Межличностные конфликты переплетались и с религиозными противоречиями. В ночь на 21 апреля 1925 года в селе Усть-Талмак Солонешенского района Бийского уезда «в дом старообрядческого попа Черепанова, где происходило молебствие, была брошена граната, от разрыва которой один из присутствующих убит, остальные четверо ранено… Крестьяне в один голос обвиняли местную ячейку РКП(б)…» Под влиянием общего настроения партийцев 21-летний Пётр Сысоев, «увязавший поражение ячейки со своими личными обидами от зажиточных старообрядцев, решился на совершение преступления». Сочувствуя убийце, коммунисты заявляли, что тот осуществил важный «политический акт»: кровь пятерых верующих «спасет 500 человек от религиозного дурмана»[2906]
.В том же 1925 году прокурор Сибирского края П. Г. Алимов, посетив Ачинский и Минусинский округа, обнаружил не только что «значительная часть членов и кандидатов [РКП(б)] вооружена и без оружия не мыслит себе работы», но и факты террористических акций по отношению к «спецам», а также «брожения» среди бывших партизан, недовольных отсутствием льгот и недостатком внимания к ним со стороны властей[2907]
. Видный партизан Д. Е. Блынский, взявшись за мемуары, в этот период твердо формулировал кредо: «Мой личный взгляд такой: никаких пощад врагам, в свое время издевавшимся над нами. Если бы мне разрешили этих гадов уничтожить, с удовольствием бы согласился. А пока буду жив, то бороться буду с такими элементами, иначе нельзя с ними жить»[2908].По оценке А. П. Угроватова, совершенно отошли от партизанщины примерно 40% сибирских ячеек, где коммунисты занялись своим хозяйством и до 1928 года вели себя относительно спокойно. В остальных ячейках были заметны разочарование властями, пьянство, склоки. Эти ячейки противопоставляли себя прочим крестьянам, ждали очередных нажимных кампаний, грезили о мировой революции, дебоширили с оружием и стрельбой, порой доходили до бандитизма. К 1925–1926 годам таких ячеек было не менее трети. Оставшаяся четверть ячеек состояла из политически совершенно безграмотных партизан-бедняков, практиковавших как левацкие и анархические взгляды, так и крайние формы насилия с нередкими проявлениями красного бандитизма[2909]

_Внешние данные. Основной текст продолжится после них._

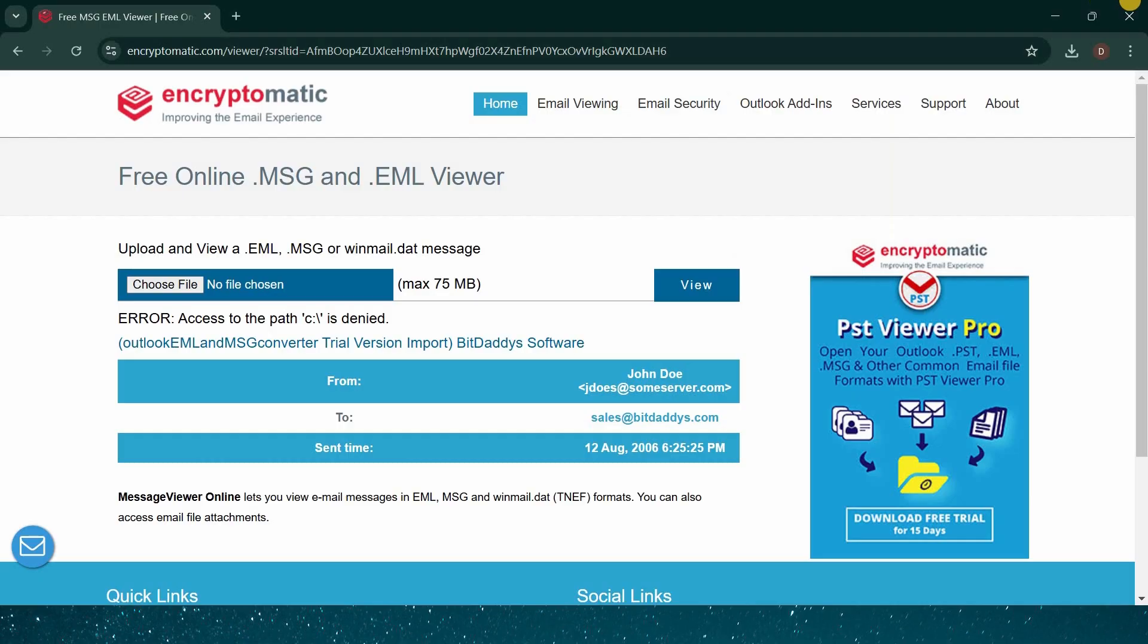This tool is particularly helpful when you're unable to use Microsoft Outlook but still need to access an important, secure message. It provides a convenient alternative, making sure you don't miss critical information even without direct access to your usual email client.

.По этим причинам частые бессудные расправы над политическими врагами продолжались долго, особенно в восточносибирских и дальневосточных районах, где многие партийцы категорически не признавали правительственных амнистий. В 1925 году Иван Семаков, один из вожаков антибольшевистского восстания 1918 года в Туве, воевавший затем в повстанческих отрядах Шмакова, Кайгородова, Казанцева и Бакича, был пойман тувинскими чоновцами и по дороге в Минусинск застрелен конвоем якобы «при попытке бегства». Тувинские партизаны «…видя безнаказанность бандитов, некоторых из них прибрали к рукам по-партизански, где увидят, там и стукнут – так были убиты [Иван] Русский, Неклюдов, Матвеенко и другие» – это произошло в период до 1925 года[2910]
.В 1925 году в Бурят-Монголии отмечались случаи убийств комсомольцами (бурятами и русскими) местных граждан под предлогом классовой борьбы[2911]
. В начале 1926 года в Черемхово слушалось дело группы коммунистов и комсомольцев села Евсеево, которые в период борьбы с белым повстанчеством самочинно убивали и грабили неугодных им лиц[2912]. В мае 1928 года председатель Тесинского сельсовета Минусинского района коммунист Нестеренко убил одного приезжего за «контрреволюционное прошлое»[2913].По мнению И. В. Павловой, «дух красного бандитизма просуществовал в сибирской деревне до самого конца 20‐х годов, более того, искусственно поддерживался властью в ходе проведения с конца 1925 года целенаправленной политики „фаворитизации“ бедноты, а затем был непосредственно использован для организации общего наступления на крестьянство, разжигания гражданской войны в деревне и для обоснования политики ликвидации кулачества как класса»[2914]
. Громадный скачок красного бандитизма произошел в коллективизацию, когда тот стал, по сути, основным инструментом ее проведения и опирался на действия не только силовых, но и партийно-советских структур – от уездного уровня до комячеек, во многом повторяя картину начала 20‐х годов.Ситуация с красным бандитизмом на Дальнем Востоке повторяла развитие событий в Сибири, причем в усиленном виде. Все годы Гражданской войны на Дальнем Востоке партизанский террор и мародерство не знали берегов и в 1920–1922 годах были куда сильнее, чем в 1919‐м. Отъявленный бандитизм ярко проявлялся с самых первых шагов повстанцев в захваченных ими городах. И это было заметно не только в начисто уничтоженном партизанами Николаевске-на-Амуре.